Par cette révision structurelle des mécanismes de gestion de la diversité ethnoculturelle, l'État canadien marque de façon irrévocable sa volonté de favoriser un environnement propice à l'affermissement de la cohésion sociopolitique de la société canadienne.

Cet objectif allait se confirmer en 1997 par le renouvellement du Programme du multiculturalisme qui, tout en continuant de souscrire à la Politique du multiculturalisme et à la Loi sur le multiculturalisme canadien, mettait en relief la notion d'une identité et d'une appartenance communes.
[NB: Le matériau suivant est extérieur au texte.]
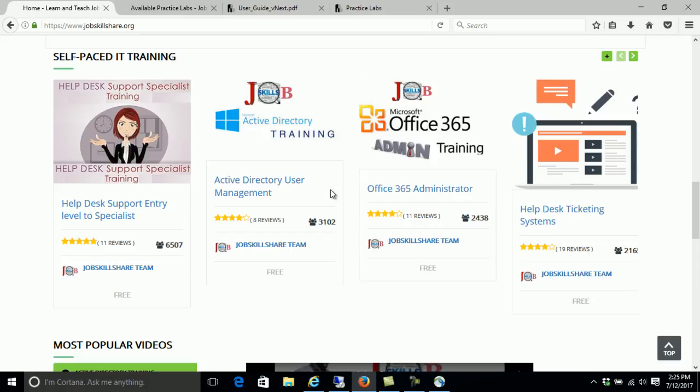If you have any questions, make sure you go to the lab support. If you have any issues with account access or your username and password is not working, you can click on Support at Jobskillshare.org. Thank you for watching this video — I'll see you in another video.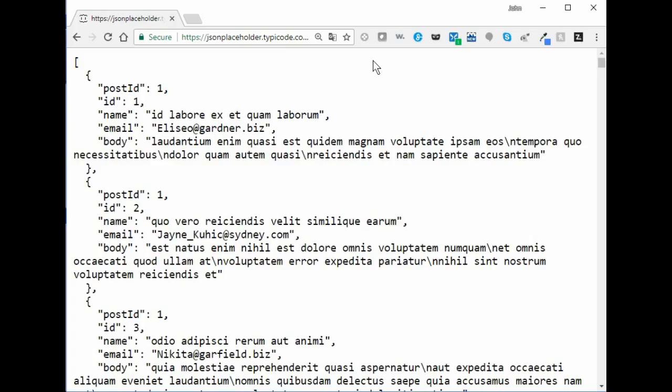Hi, this is John McDermott and today I'd like to show you how simple it is to view JSON data in Excel.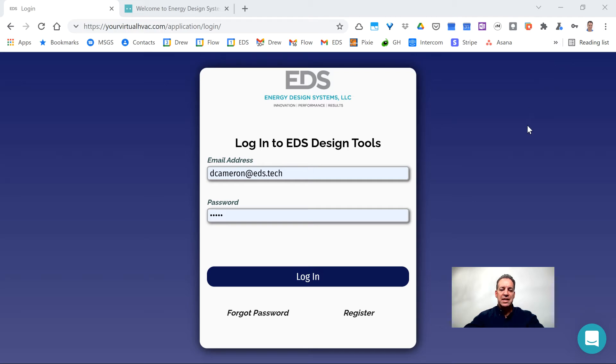Welcome to the Energy Design Systems Load Calculator Program. In this module we're going to show you how to log in to your application.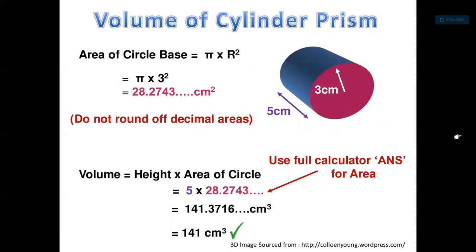The volume of a cylinder prism uses the same idea. We need to find the area of the base first. With a radius of 3 centimeters, the area is πr² = π × 3² = 9π ≈ 28.27 centimeters squared. To find the volume, multiply by the height of the cylinder, which is 5 centimeters: 28.27 times 5 is 141.37 centimeters cubed.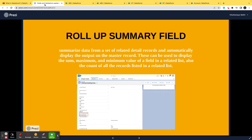Watch the complete playlist to get well versed with Salesforce topics as a Salesforce tester. Thank you for watching — do share your feedback. We are continuously improving and I hope this helps you. See you in the next video!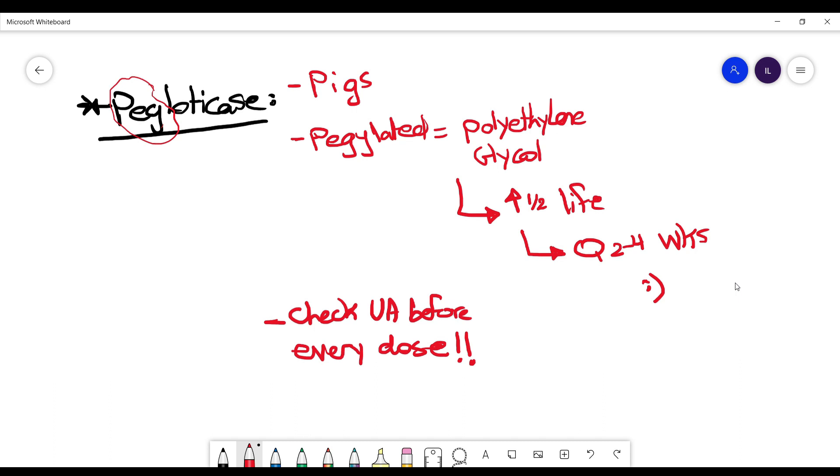And that's it for this video. I'm gonna talk about these medications again when we talk about gout and figure out which one is the drug of choice and which one is the second line and third line and how to use each of them. Hope you guys learned something and see you in the next one.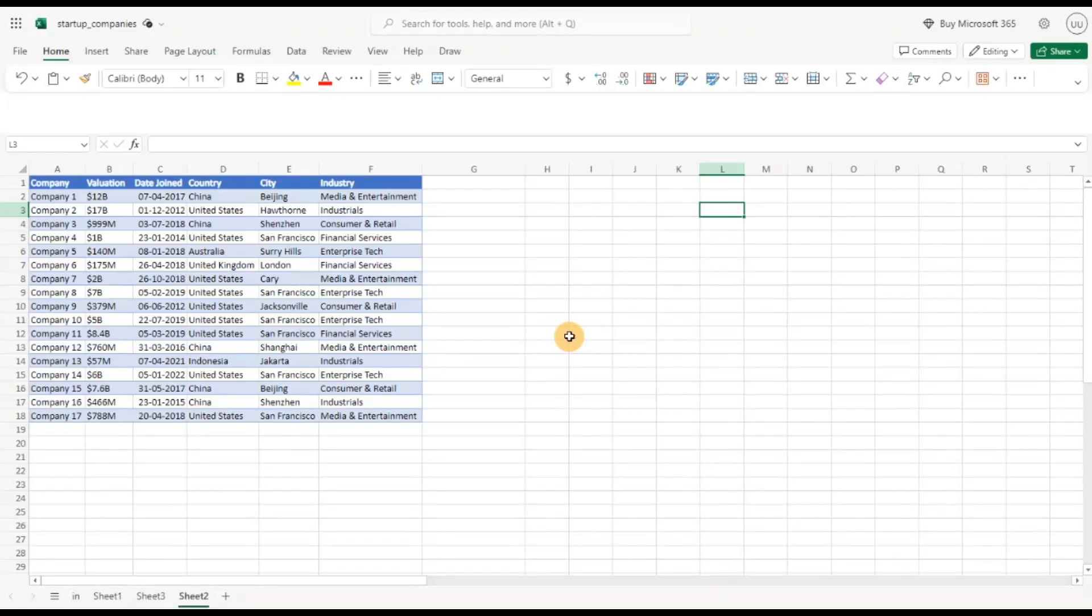Hello everyone. Welcome back to the channel. Today we are going to take a look at how we can do some data cleaning and data wrangling tasks in Excel to make our data more suitable for data analysis.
Justifié par la nécessité de suivre l'évolution de la société en mutation, le renouvellement du programme du multiculturalisme précise de nouveaux objectifs fondamentaux :

1) l'identité : pour promouvoir une société qui reconnaît, respecte et reflète la diversité culturelle, instaurant chez des personnes aux antécédents variés un sentiment d'appartenance ;

2) la participation civique : pour encourager, au sein d'une population canadienne diversifiée, un niveau d'activité de la part des citoyens et citoyennes, leur offrant la capacité et l'occasion de façonner l'avenir de leur communauté et de leur pays ; 3) la justice sociale : pour édifier une société qui garantit à tous et à toutes un traitement juste et équitable, en plus d'accommoder les personnes de toutes provenances et de respecter leur dignité (Canada, 1997b).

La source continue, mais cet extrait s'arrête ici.